= Land Forces Command Headquarters =

The Lithuanian Land Forces Command Headquarters (Lietuvos kariuomenės Sausumos pajėgų vadovybės štabas) is the highest military unit of the Lithuanian Land Forces. Its job is to assist the Commander of the Lithuanian Land Forces in making decisions and implementing them by preparing Land Forces military units for the military protection and defense of the state's land territory, capable of participating in international operations, ensuring effective administration of Land Forces units, their combat training and combat readiness.

== Structure ==
The Land Forces Command Headquarters consists of:

- Land Forces Command
- Budget Department
- Security Department
- Chief of Staff
- 6 Deputy Chiefs of Staff (G1-G6)
- G9 Headquarters Departments
- Headquarters Supply Company and Communications Company.

== History ==
On 19 February 1999, the first posts of the Field Forces Headquarters were approved by order of the Minister of National Defence Česlovas Stankevičius. On 11 October 2001, the Field Forces Command (LFC) of the Lithuanian Armed Forces was registered with the Department of Statistics under the Government of Lithuania. On 19 November 2001, the Field Forces Command insignia was approved by order of the Minister of National Defence Linas Antanas Linkevičius. On 1 January 2002, the Field Forces Command was renamed the Field (Land) Forces Command. At the end of 2002 , the Field (Land) Forces Command moved from the Defence Headquarters building to larger premises at 36 Viršuliškių Street in Vilnius, where it is located to this day.
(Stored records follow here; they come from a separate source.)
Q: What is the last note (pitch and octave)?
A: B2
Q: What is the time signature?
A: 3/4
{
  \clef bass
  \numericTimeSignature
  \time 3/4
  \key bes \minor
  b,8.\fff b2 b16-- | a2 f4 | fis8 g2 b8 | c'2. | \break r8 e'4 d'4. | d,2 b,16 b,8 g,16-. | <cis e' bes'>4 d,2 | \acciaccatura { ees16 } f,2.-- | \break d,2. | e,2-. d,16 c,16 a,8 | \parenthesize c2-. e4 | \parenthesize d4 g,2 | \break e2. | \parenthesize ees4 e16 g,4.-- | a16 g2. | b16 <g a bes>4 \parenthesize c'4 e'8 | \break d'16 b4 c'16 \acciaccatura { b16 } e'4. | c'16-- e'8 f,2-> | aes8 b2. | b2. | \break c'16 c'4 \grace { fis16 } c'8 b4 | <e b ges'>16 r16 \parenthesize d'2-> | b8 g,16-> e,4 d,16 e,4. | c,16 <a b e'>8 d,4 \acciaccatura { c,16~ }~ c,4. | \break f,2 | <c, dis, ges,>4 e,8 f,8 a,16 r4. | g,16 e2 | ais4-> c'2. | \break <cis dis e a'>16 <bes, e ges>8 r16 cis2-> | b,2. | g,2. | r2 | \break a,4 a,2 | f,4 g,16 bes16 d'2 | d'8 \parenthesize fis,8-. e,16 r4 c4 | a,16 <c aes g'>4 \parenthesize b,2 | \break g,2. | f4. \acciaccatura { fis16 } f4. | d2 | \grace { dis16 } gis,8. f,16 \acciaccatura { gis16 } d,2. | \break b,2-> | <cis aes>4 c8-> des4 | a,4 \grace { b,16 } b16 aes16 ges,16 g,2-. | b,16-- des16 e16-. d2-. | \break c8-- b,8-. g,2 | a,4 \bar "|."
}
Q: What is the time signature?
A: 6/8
On 18 June 2004, the Field Force Commander was presented with the Field Force Command Battle Flag. On 23 September 2005, during a special exercise, the NATO Europe Land Component Headquarters positively assessed the Field Force Headquarters and recognized it as capable of planning and executing operations and operating smoothly with Allied forces. On 1 September 2008, the Field (Land) Forces Headquarters was renamed the Land Forces Headquarters. On 1 September 2008, the Land Forces Headquarters transferred the functions of planning, command and support of international operations to the Joint Staff of the Lithuanian Armed Forces (now the Defence Staff).